• _EXERCISE BRIEF_: Please reproduce the data below exactly, from the first line through the line containing "Nourishing Thickening Shampoo", and leave every later line out.

◇ ◇ ◇ ◇ ◇ ◇ ◇

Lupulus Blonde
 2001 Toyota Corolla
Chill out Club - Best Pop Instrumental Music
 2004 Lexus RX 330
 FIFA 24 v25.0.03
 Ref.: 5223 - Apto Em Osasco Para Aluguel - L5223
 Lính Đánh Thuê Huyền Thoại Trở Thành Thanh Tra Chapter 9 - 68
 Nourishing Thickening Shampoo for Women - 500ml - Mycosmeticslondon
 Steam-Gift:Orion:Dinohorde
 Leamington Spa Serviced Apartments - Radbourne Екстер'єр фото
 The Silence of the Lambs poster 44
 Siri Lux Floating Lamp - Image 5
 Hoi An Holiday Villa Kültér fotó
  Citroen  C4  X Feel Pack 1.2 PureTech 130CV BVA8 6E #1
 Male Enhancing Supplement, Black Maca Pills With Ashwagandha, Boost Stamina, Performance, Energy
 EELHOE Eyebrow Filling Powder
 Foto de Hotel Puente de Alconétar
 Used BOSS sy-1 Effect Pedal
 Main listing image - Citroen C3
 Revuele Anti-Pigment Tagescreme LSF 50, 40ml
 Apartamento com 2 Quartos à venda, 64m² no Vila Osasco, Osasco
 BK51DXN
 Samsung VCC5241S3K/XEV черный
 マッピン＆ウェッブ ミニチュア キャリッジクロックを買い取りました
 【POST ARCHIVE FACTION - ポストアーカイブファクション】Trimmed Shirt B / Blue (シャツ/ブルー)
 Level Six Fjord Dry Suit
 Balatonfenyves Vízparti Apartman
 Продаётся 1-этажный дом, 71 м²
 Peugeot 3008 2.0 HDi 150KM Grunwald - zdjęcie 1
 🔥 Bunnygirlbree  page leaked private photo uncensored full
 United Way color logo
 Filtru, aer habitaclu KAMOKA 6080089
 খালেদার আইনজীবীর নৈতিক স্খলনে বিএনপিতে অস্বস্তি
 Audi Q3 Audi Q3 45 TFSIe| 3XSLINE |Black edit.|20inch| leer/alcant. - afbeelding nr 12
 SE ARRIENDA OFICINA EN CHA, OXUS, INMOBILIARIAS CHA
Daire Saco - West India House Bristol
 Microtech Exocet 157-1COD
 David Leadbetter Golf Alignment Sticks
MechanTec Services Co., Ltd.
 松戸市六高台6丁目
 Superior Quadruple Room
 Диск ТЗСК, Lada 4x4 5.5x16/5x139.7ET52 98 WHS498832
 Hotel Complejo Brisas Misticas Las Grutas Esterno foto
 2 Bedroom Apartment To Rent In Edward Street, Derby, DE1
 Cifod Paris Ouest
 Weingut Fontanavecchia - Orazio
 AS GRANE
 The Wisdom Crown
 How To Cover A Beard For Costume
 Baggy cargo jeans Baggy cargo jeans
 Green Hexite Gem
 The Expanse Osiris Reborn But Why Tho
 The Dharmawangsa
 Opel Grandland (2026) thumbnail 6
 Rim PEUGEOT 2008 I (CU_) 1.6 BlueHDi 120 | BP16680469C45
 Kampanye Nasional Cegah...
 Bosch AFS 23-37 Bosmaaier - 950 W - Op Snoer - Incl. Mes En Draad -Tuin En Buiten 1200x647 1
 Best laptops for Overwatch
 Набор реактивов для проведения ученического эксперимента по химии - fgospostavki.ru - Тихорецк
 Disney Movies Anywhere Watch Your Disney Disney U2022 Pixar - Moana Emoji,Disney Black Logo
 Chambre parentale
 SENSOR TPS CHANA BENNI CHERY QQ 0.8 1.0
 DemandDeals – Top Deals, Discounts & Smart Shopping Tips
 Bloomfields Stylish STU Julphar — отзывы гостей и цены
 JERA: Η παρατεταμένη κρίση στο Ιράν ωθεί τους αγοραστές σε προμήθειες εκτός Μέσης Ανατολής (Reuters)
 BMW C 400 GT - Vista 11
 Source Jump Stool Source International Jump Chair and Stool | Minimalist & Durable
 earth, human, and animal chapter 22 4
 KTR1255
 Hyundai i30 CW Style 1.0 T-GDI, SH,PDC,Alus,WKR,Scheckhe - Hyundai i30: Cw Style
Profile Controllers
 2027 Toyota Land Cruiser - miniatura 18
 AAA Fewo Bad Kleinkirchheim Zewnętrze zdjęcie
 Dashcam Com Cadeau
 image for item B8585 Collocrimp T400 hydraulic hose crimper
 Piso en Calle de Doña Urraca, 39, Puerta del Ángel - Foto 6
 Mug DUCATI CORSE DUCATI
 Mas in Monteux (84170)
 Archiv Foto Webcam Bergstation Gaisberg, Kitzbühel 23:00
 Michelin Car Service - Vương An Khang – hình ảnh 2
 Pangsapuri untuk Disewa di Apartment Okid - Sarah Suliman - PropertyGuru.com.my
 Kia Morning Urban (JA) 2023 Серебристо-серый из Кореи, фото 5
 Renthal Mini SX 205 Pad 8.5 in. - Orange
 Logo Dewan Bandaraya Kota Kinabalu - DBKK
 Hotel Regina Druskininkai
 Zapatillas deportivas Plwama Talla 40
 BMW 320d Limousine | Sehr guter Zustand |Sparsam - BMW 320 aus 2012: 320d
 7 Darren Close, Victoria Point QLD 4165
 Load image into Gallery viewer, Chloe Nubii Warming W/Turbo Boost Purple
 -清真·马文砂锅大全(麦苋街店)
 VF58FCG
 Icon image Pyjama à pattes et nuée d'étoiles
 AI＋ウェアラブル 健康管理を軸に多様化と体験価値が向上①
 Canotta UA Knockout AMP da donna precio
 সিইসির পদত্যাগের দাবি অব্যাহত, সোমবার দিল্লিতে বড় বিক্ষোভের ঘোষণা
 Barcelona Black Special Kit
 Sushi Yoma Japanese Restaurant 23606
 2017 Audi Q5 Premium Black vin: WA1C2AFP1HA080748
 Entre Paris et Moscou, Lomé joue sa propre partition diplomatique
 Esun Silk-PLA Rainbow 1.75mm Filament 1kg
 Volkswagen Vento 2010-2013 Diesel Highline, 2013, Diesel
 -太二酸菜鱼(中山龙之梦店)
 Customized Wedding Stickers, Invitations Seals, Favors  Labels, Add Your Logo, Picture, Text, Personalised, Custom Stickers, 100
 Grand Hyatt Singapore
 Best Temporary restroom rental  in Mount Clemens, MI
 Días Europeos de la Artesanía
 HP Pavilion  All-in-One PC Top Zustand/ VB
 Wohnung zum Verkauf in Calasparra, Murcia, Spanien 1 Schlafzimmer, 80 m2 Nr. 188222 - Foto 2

◇ ◇ ◇ ◇ ◇ ◇ ◇

• _SOLVED EXERCISE_:
Lupulus Blonde
 2001 Toyota Corolla
Chill out Club - Best Pop Instrumental Music
 2004 Lexus RX 330
 FIFA 24 v25.0.03
 Ref.: 5223 - Apto Em Osasco Para Aluguel - L5223
 Lính Đánh Thuê Huyền Thoại Trở Thành Thanh Tra Chapter 9 - 68
 Nourishing Thickening Shampoo for Women - 500ml - Mycosmeticslondon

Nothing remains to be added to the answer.